> [Task] Starting with the line below that holds "孵化湖湘青年创业梦想，第十二届湖南省大学生电子商务大赛圆满收官" and stopping after the line that holds "The Blow Monkeys, Sylvia Tella - Choice?", transcribe the lines exactly, leaving out all pictures.

> [Task input]
[Start of section]

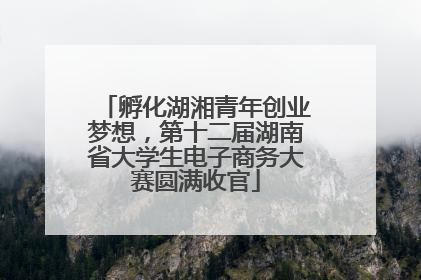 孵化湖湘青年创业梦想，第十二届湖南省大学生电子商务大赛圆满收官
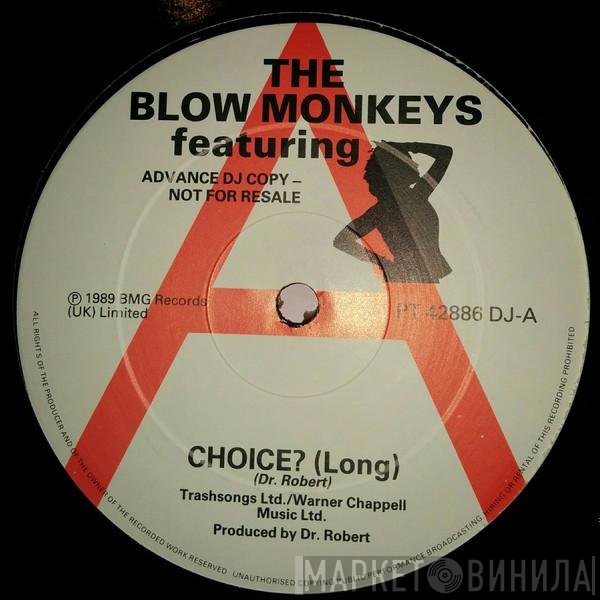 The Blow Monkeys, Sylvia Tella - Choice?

[End of section]
[Start of section]

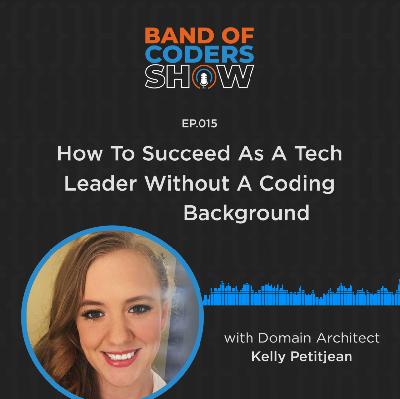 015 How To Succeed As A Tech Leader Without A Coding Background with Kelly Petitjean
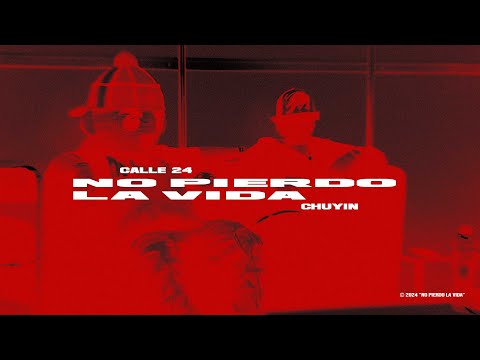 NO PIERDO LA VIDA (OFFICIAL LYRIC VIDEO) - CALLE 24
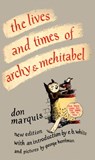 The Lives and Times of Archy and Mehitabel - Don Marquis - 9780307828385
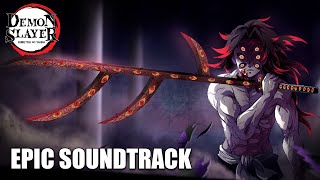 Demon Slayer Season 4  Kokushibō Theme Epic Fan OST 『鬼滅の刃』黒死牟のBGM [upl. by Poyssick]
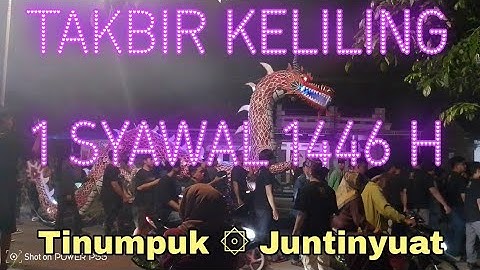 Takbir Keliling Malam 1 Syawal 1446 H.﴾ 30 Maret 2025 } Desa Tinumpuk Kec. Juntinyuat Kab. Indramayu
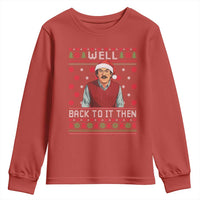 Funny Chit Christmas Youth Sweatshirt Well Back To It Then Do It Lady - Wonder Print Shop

[End of section]

> [Reply]
 孵化湖湘青年创业梦想，第十二届湖南省大学生电子商务大赛圆满收官
 The Blow Monkeys, Sylvia Tella - Choice?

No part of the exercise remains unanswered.